Diese Zurückhaltung kann die Nachfrage bremsen. Unternehmen verkaufen weniger, was zu weniger Produktion, rückläufiger Beschäftigung und tieferen Löhnen führen kann. So kann aus einer Deflation eine Rezession entstehen – mit negativen Folgen für die gesamte Wirtschaft.
Nicht alle Preise sinken
Trotz der negativen Jahresinflation ist der Landesindex der Konsumentenpreise (LIK) im Mai gegenüber dem Vormonat leicht gestiegen – um 0.1 Prozent auf 107.6 Punkte. Gründe dafür sind unter anderem höhere Wohnungsmieten sowie Preissteigerungen bei Fruchtgemüse und Steinobst.
Dagegen wurden Flugreisen und Heizöl günstiger. Insgesamt bleibt das Preisumfeld uneinheitlich, was die Einschätzung der wirtschaftlichen Gesamtlage erschwert.
Keine akute Deflationsgefahr
Trotz negativer Teuerung sehen Experten derzeit keinen Grund zur Sorge. Der Rückgang betrifft vor allem importierte Güter. Die inländische Inflation, also die Preisentwicklung im Binnenmarkt, bleibt weiterhin positiv.
Solange das so bleibt, ist keine breit abgestützte Deflation zu erwarten. Zu diesem Schluss kommen sowohl BAK-Economics als auch die ETH-Konjunkturforschungsstelle (KOF).
Mieten und Ersparnisse
Ein wichtiger Faktor für viele Haushalte sind die Mieten. In der Schweiz sind sie an den Referenzzinssatz gekoppelt, der sich nur langsam verändert.
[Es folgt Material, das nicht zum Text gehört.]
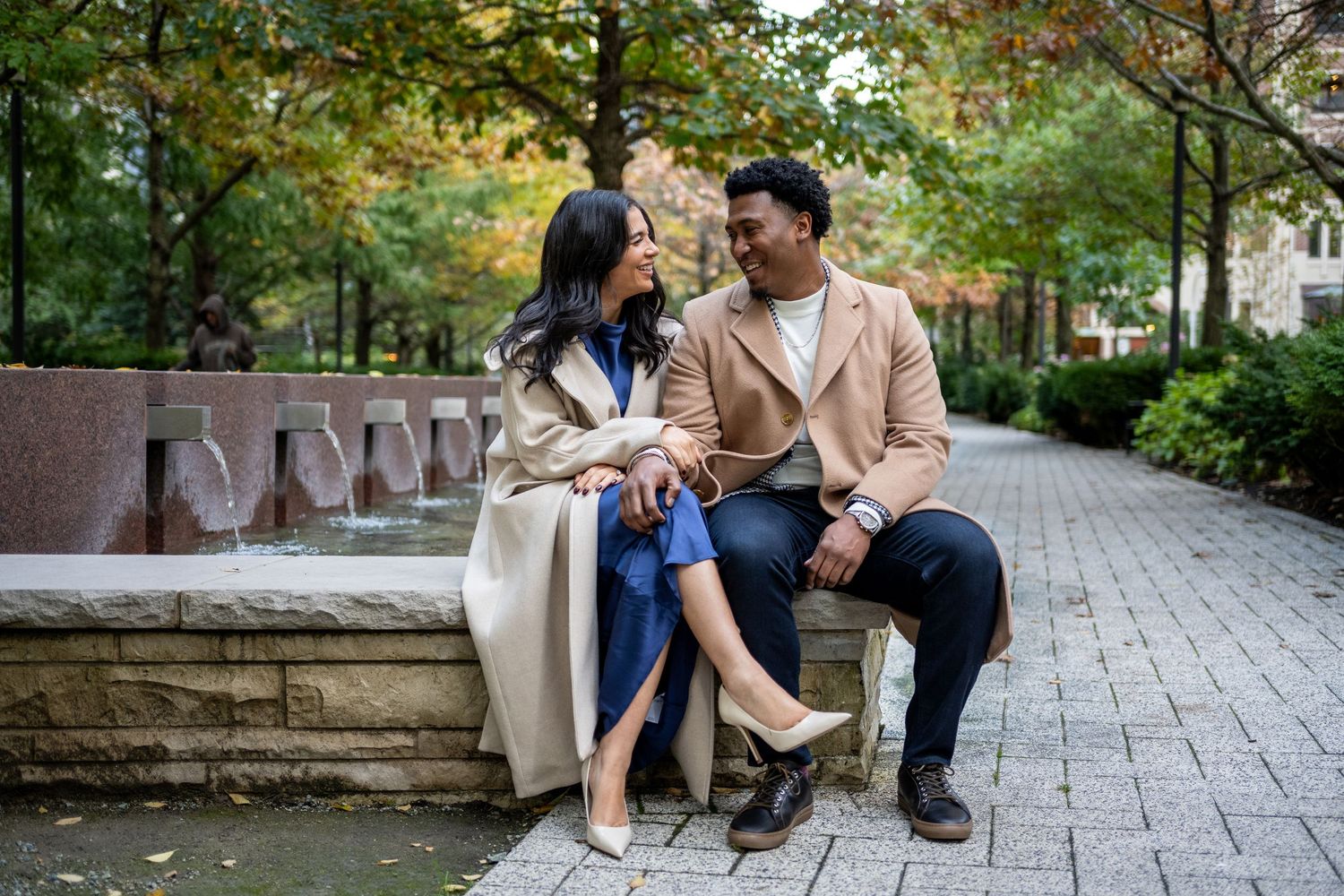 Engagement photo of couple sitting and looking at each other in Lakeshore Park in Chicago.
Eine Senkung des Leitzinses wirkt sich daher verzögert auf die Mietkosten aus. Zwar sinken Hypothekarzinsen, doch Mietanpassungen lassen auf sich warten.
Auch für Sparer hat die aktuelle Entwicklung Folgen. Tiefe oder gar negative Leitzinsen führen zu minimalen Erträgen auf Bankguthaben. Das ist politisch gewollt – Investitionen und Konsum sollen dadurch gefördert werden, um die Wirtschaft in Schwung zu halten.